The original goal of batch or individual serialization was a means to identify and recall medicines with manufacturing or distribution problems. Although integral to patient safety, trying to change the primary purpose of serialization into an authentication process is problematic. Logistically speaking, this technology forces pharmaceutical companies to print a visible linear bar code on the packaging or label, which can sometimes be difficult given the variable size of the printable area and the code/substrate contrast. In addition, inspections and controls must be in place to ensure that a unique code is applied on each individual pack or label. Moreover, serialization requires adaptive hardware, software and skills.

In the case of authentication, there are many security features available to brand owners and manufacturers capable of detecting counterfeits, not only with primary and secondary packaging, but also with dosage forms.

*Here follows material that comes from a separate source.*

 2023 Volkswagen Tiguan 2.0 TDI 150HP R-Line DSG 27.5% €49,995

The most efficient features are covert, or invisible to the naked eye. According to the World Health Organization, “The purpose of a covert feature is to enable the brand owner to identify a counterfeited product. The general public will not be aware of its presence nor have the means to verify it”. These secret or covert procedures are widely available today and include invisible printing, embedded images, and digital watermarks, to name a few. These methods can help detect counterfeits by means of regular sample controls carried out at different points in the supply chain, even in the case of consumed or recovered packaging waste.

Some cost-effective, yet reliable technologies involve embedding an invisible marking on primary and secondary packaging using regular visible ink and standard printing processes, without having to change the packaging design or flow of production. Another option involves using the intrinsic micro-differences present in a cavity mold commonly used to create vials or medicine containers, capturing an image of the random pattern, and then storing it in a database. In either case, the brand owner or manufacturer simply scans the item using a flatbed office scanner or an iPhone4 smart phone to receive a ‘genuine-or-fake’ outcome.

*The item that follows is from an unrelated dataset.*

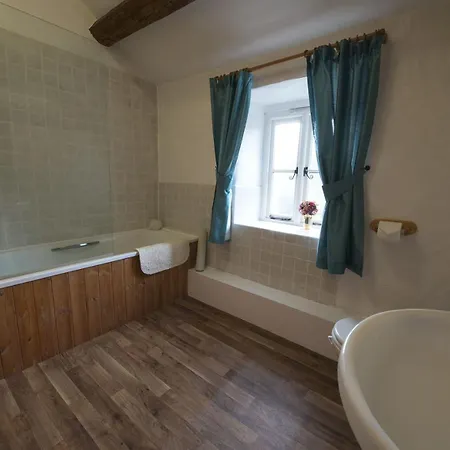 Tarn Foot Cottage, Remote In Stunning District Valley Nyaraló Seathwaite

As a consequence, while serialization may be appropriate to identify basic fraudulent actions, such as extension of the expiration date or market diversion, it is not suitable to determine the authenticity of a medicine.

Visual inspection 

Nothing looks more like a real medicine than a ‘well-made’ counterfeit, which is sometimes virtually indistinguishable from the original.

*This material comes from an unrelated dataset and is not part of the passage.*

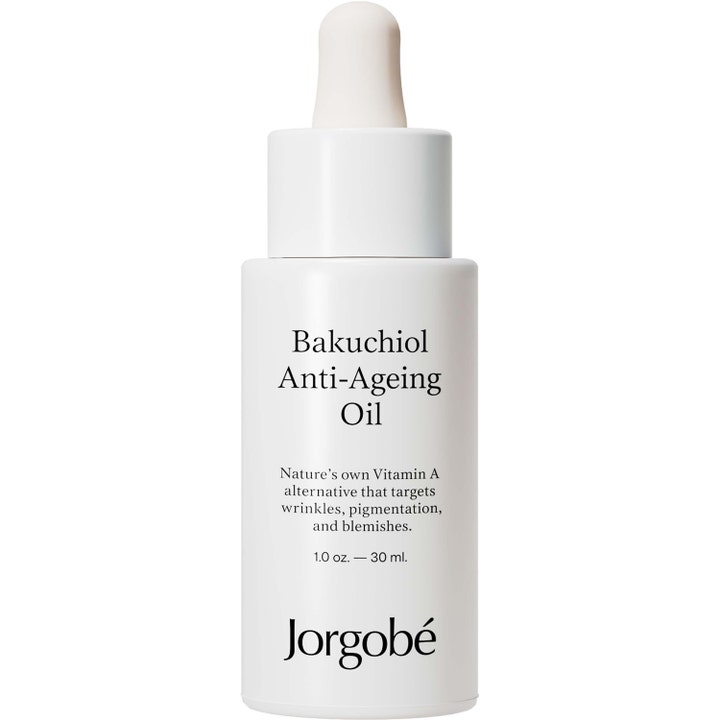 Jorgobé Bakuchiol Anti-Ageing Oil 30 ml bakuchiol anti-aging olja mot rynkor i en vit flaska med pipett.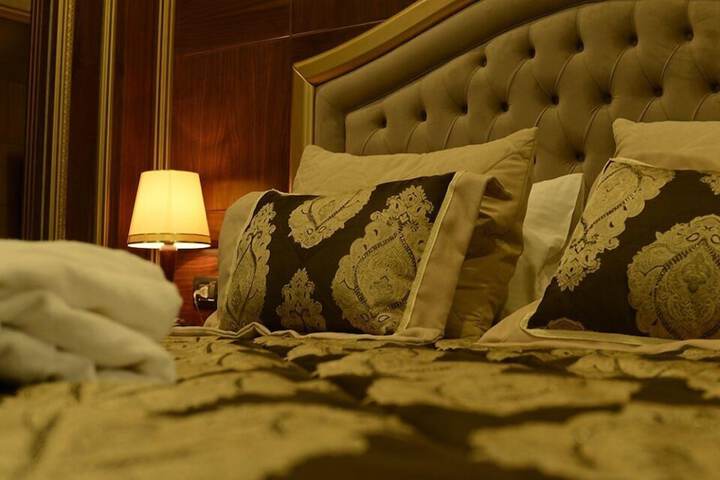 Room 12 of 26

This fact is particularly problematic for customs employees and other players in the supply chain, whose job consists in reading or visually inspecting a packaging, whose different elements may or may not be correctly replicated by counterfeiters. Some of these systems convert the object into a 3D representation displayed on a computer screen. Understandably, it would be challenging for anybody, even for customs or logistics employees, to detect a real medicine from a fake. It is an either-or situation: either the replica is so poorly done (fake brand name, spelling mistakes or other omissions) that there is no need to access the packaging information to determine that it is a counterfeit, or the replica is so well done that the visual inspection will lead to think that the packaging contains real medicine. A visual inspection of packaging by the human eye is therefore unreliable in identifying counterfeits.

Verification features

Digital solutions for product authentication are easier, faster and more cost-effective to deploy compared to security consumable-based solutions, especially when considering large production volumes.When selecting a security feature, it is not only important to assess the cost of purchase, implementation, global deployment and management, and resistance to replication, but also how a ‘genuine-or-fake’ verification is performed.

Smartphones

Smartphones are continuously evolving with increased functionalities and computing power, as well as image and video capabilities.

Smartphones can therefore benefit the development and expansion of digital authentication features based on invisible marking, allowing mobility and “on-the-fly” genuine-or-fake verification. However, these advancements do not mean that mobile verifications should be placed in the hands of patients, because of various unanswered questions raised earlier.